На обрюзгшем за последнее время лице Трифона светилась довольная улыбка, которая в его исполнении могла означать совершенно разные вещи. Однако тон его голоса говорил о том, что улыбка эта, по крайней мере, не враждебная. Всё та же расшитая золотом мантия, всё та же нелепая шапка, скрывающая лысину. Но совершенно другое лицо.
— Мне прекрасно известно, какой вопрос вертится в твоей голове и не дает тебе покоя. Отвечу вначале коротко и по существу, а потом, возможно, более развернуто. Тут уж всё от тебя зависит.
— Я весь внимание.
— Так вот, никто тебя арестовывать не собирается и не собирался. Тот факт, что ты отправился в Авермул вместе с Цикутой, еще не делает тебя его соучастником. По крайней мере, я так не считаю. Не знаю, почему он оставил тебя в живых после первой провалившейся попытки, и как тебе вообще удалось выжить, но это теперь уже и неважно.
— Первой попытки?
— Так ты думаешь, это я решил тебя прикончить? Наверняка этот тиран так обозлился из-за потерянной должности, что решил во что бы то ни стало покончить с причиной своего отстранения. Так?
Я никак не мог взять в толк, в чем смысл подобного спектакля, но внешне старался ничем не выказывать это непонимание, лихорадочно пытаясь продумать дальнейшие вопросы.
— Но зачем это Августину?
— Скажу одно: он не знает, что мы знаем. Всё должно было указывать на солдат, приписанных к гарнизону. Кто отдал им приказ? Наверняка тот, у кого были свои личные мотивы.

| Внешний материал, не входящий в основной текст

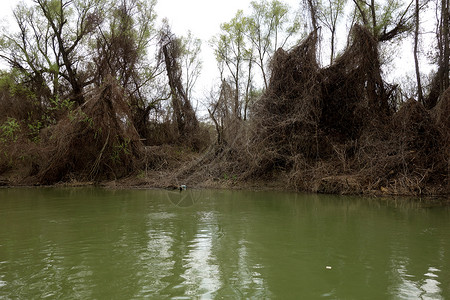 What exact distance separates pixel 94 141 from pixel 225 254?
13023mm

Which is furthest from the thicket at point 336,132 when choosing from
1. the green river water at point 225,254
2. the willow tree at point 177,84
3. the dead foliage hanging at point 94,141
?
the willow tree at point 177,84

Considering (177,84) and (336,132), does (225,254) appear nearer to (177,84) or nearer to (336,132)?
(336,132)

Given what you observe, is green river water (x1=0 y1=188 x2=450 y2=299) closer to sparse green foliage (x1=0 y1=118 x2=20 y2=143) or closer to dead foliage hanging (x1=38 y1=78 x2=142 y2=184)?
dead foliage hanging (x1=38 y1=78 x2=142 y2=184)

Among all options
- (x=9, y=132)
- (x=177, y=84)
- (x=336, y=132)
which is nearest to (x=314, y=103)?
(x=336, y=132)

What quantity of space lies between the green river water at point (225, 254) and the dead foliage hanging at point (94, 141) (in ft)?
25.3

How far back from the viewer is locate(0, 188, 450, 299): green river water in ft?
10.4

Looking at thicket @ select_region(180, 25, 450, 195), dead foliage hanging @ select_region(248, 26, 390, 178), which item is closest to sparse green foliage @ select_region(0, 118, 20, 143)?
thicket @ select_region(180, 25, 450, 195)

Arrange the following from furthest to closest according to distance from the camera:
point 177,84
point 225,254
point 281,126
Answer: point 177,84, point 281,126, point 225,254

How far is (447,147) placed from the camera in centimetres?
1095

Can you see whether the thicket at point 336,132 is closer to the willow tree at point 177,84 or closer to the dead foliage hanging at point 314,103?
the dead foliage hanging at point 314,103

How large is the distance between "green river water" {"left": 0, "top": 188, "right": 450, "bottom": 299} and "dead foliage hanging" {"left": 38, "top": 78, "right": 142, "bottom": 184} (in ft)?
25.3

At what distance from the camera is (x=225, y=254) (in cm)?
431

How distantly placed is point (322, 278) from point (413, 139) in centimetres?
1046

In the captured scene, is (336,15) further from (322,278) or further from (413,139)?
(322,278) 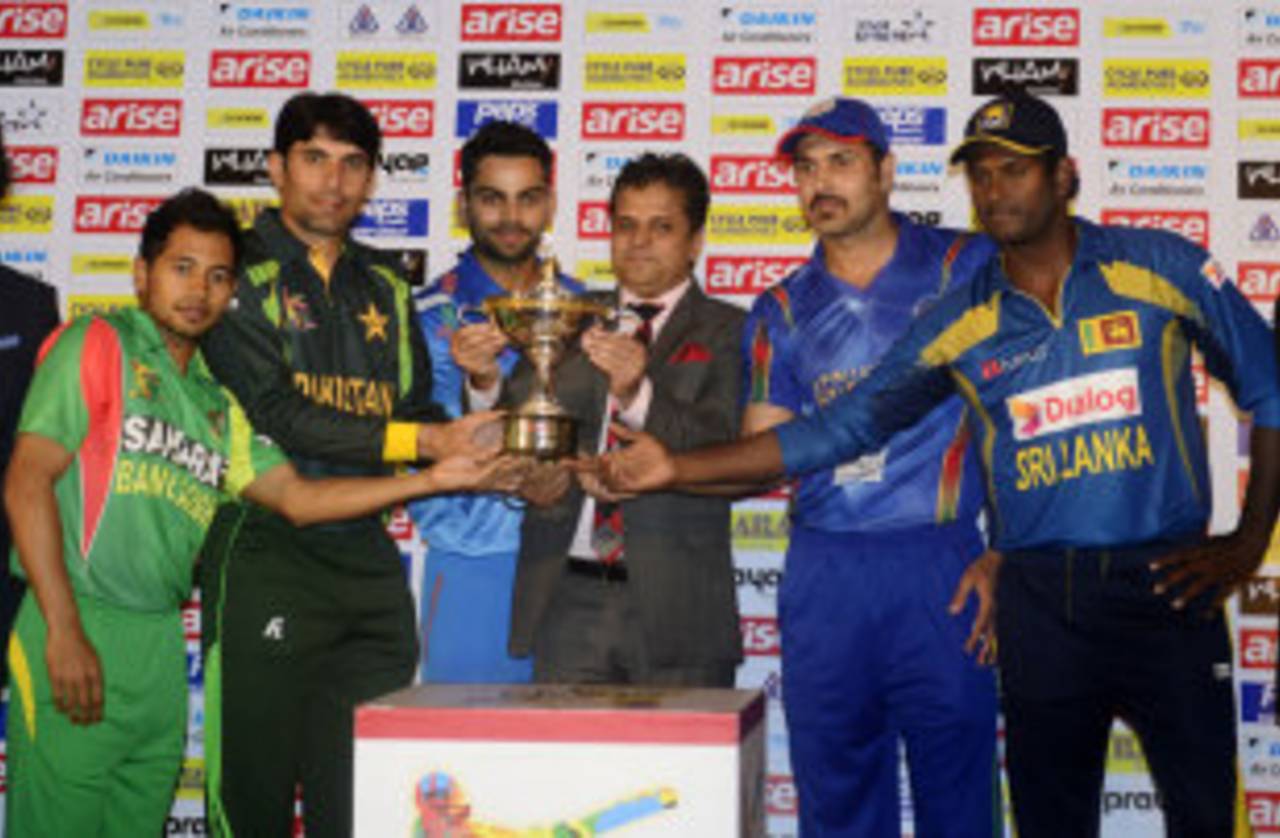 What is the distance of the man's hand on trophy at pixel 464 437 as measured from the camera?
10.7ft

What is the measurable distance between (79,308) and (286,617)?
234cm

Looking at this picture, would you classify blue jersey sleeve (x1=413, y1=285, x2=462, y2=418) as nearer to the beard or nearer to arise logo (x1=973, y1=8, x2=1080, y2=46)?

Ниточка от них оборвалась, и теперь уже ничего не докажешь.
— И всё же, принцип «если это не сделал я, то сделал он» — не слишком хорош.
— Тогда ответь мне на вопрос: почему Цикута взял с собой именно тебя?
— Я всё еще не услышал ответ.
— Я просто предлагаю тебе подумать самому. Почему-то ведь ты сбежал от него, как только появились силы, и вернулся сюда?
Постепенно я начал понимать, какая часть всей истории известна Трифону. Но вопрос в том, чего именно он не знает? И почему считает, будто я сбежал от Цикуты? Но если не Трифон пытался меня убить, то кто? Неужели это действительно был инквизитор?